Opening a TTY device in MacOS

Can Matrix Brandy successfully open a TTY device (e.g. a USB virtual serial port) in MacOS? When I try to do that in my BASIC(s) it hangs in the OPENUP function, which is bad (not to say, I thought, impossible)!

Comments

  • From my point of view, I have never tried; I don't own a USB to Serial dongle, and would need to faff quite heavily with my VM host to try to pipe the thing into a VM to test the virtual Mac.
  • Soruk wrote: »
    From my point of view, I have never tried
    Can I download a ready-to-go MacOS version of Matrix Brandy (e.g. as a dmg file)? I looked on the main page but couldn't find it.
  • Soruk
    edited March 2023
    No, it's compile from source. Which version are you running, I'll build you a binary.
    Edit: It'll just be the "brandy" binary, from what I see a dmg file is, is a disc image. Producing an image of my disc would be pretty massive, my disc allocation is 100GB...
  • Soruk wrote: »
    It'll just be the "brandy" binary, from what I see a dmg file is, is a disc image. Producing an image of my disc would be pretty massive, my disc allocation is 100GB...
    A .dmg file is the usual means of distributing a Mac application if it needs more than a single executable - which the GUI version of Matrix Brandy presumably does because of its dependence on SDL 1.2 (I'm guessing it would need to come with libSDL.dylib or something similar).

    A .dmg file is compressed, so typically not very big (although the compression is less efficient than .zip). For comparison the Windows edition of BBCSDL is about 20 Mbytes as a .zip and the MacOS edition about 24 Mbytes as a .dmg.

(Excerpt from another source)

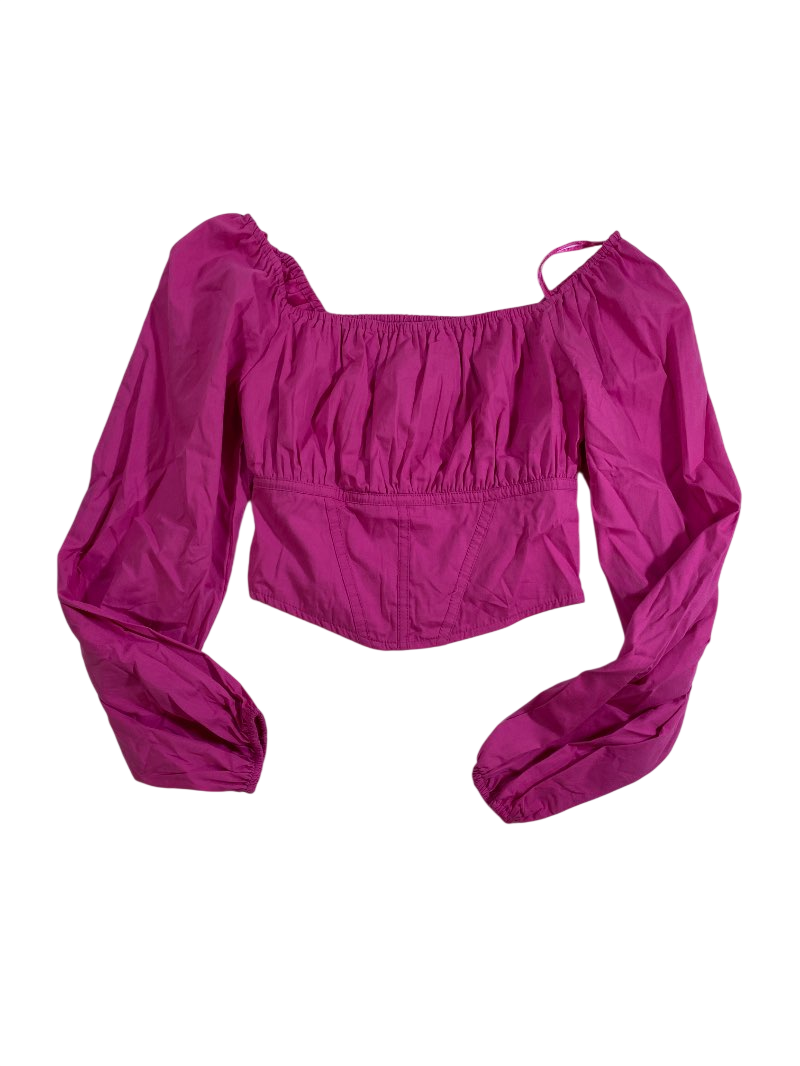 Long Sleeve Off-Shoulder Crop Top Long Sleeves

    If what you're proposing to supply is the Console version of Brandy (sbrandy?), with no dependencies, then a single binary executable should be fine. I've never known the OS version to matter as far as application compatibility is concerned (so long as it's post MacOS becoming 64-bits only).
  • I tried building a static-for-SDL build, but then the linker couldn't pull in any of the Cocoa stuff (if that's what it's called) for the GUI, and I've drawn a blank trying to manually reference it on the clang command line.
    Still, for device opening, you might be able to get some mileage with a text build, so I've put one up at http://brandy.matrixnetwork.co.uk/testing/MatrixBrandy-1_22_15.dmg
  • Soruk wrote: »
    I tried building a static-for-SDL build, but then the linker couldn't pull in any of the Cocoa stuff
    Might something similar to this magic from my Mac build help, which as I understand it tells the loader to pull libraries in from a different place:
    install_name_tool -change @rpath/SDL2.framework/Versions/A/SDL2 "@executable_path/../Frameworks/SDL2.framework/Versions/A/SDL2" 
    
  • That seems to have done it! Thank you. I've replaced the DMG at the link in my previous post.
  • Soruk wrote: »
    That seems to have done it! Thank you. I've replaced the DMG at the link in my previous post.
    Yes, that seems to run fine on my 'Apple Silicon' (M1 CPU) Mac Mini, with Rosetta 2 doing its usual excellent job of emulating an x86-64. And, yes, it hangs in OPENUP just the same as mine, which I'm rather pleased about!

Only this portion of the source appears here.